Start of Material provided

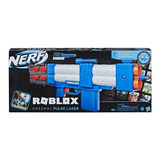 Lanzador Nerf Motorizado Roblox Arsenal Pulse Laser Hasbro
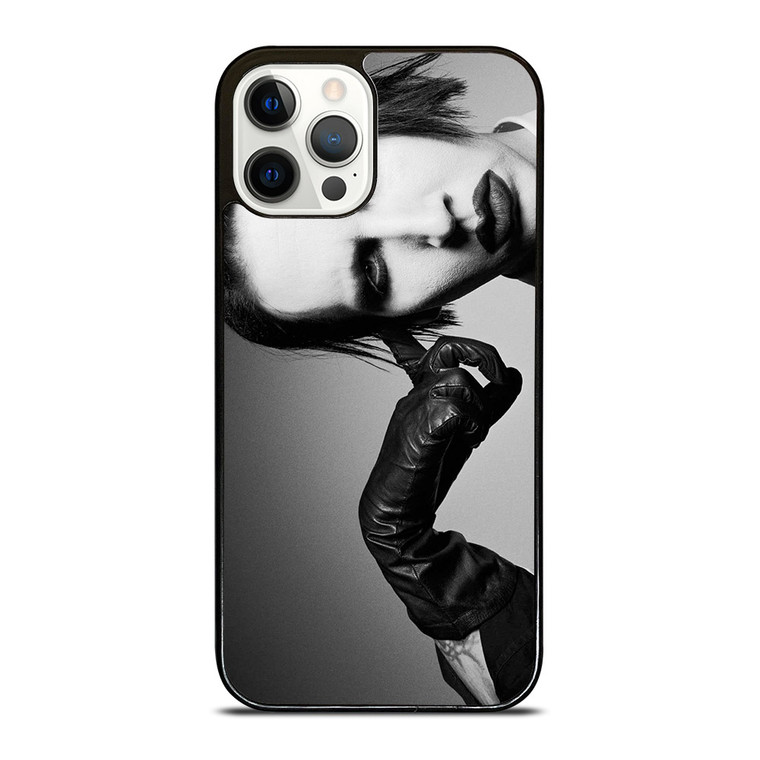 MARILYN MANSON GOTH iPhone 12 Pro Case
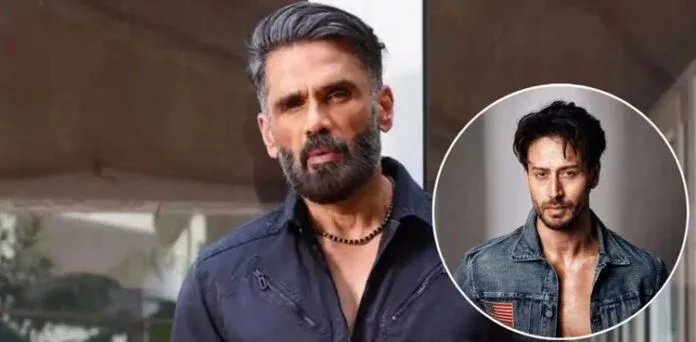 Suniel Shetty Expresses Concern Following Firing Incident Involving Tiger Shroff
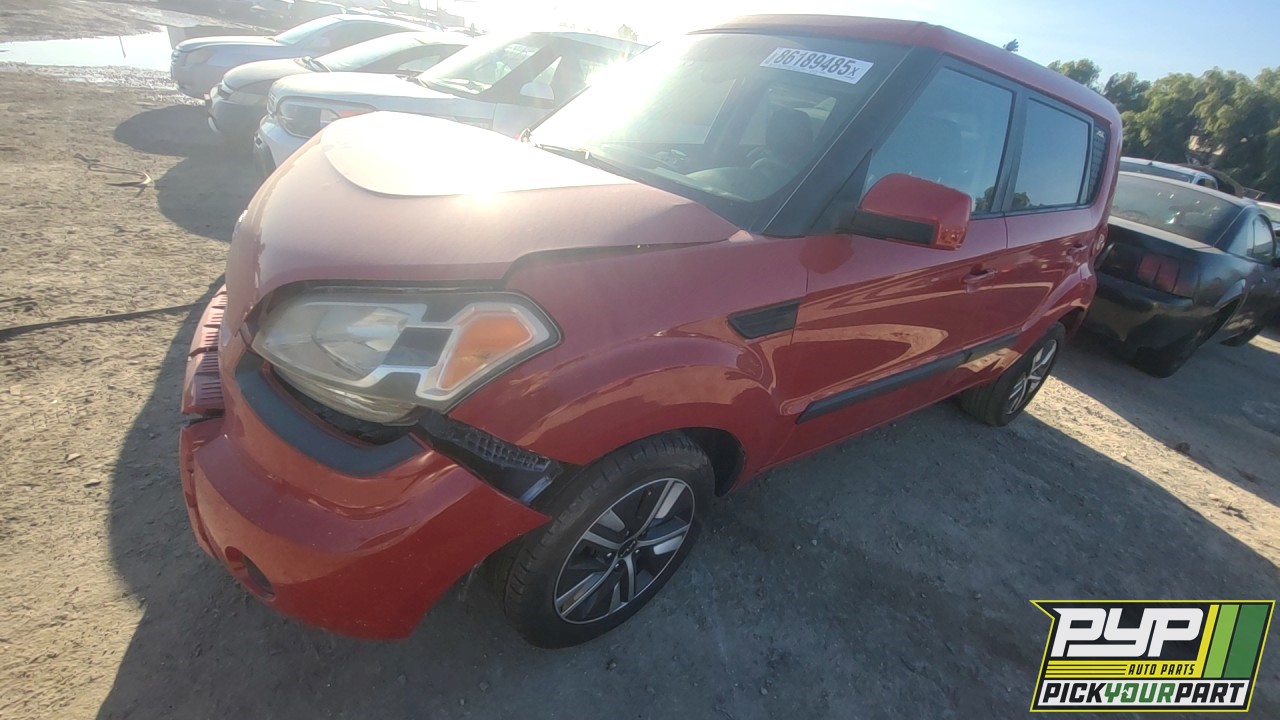 2011 KIA SOUL available for parts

End of Material provided

Task item - Apart from the images, every line above needs to be printed again exactly.

Problem solution -
 Lanzador Nerf Motorizado Roblox Arsenal Pulse Laser Hasbro
 MARILYN MANSON GOTH iPhone 12 Pro Case
 Suniel Shetty Expresses Concern Following Firing Incident Involving Tiger Shroff
 2011 KIA SOUL available for parts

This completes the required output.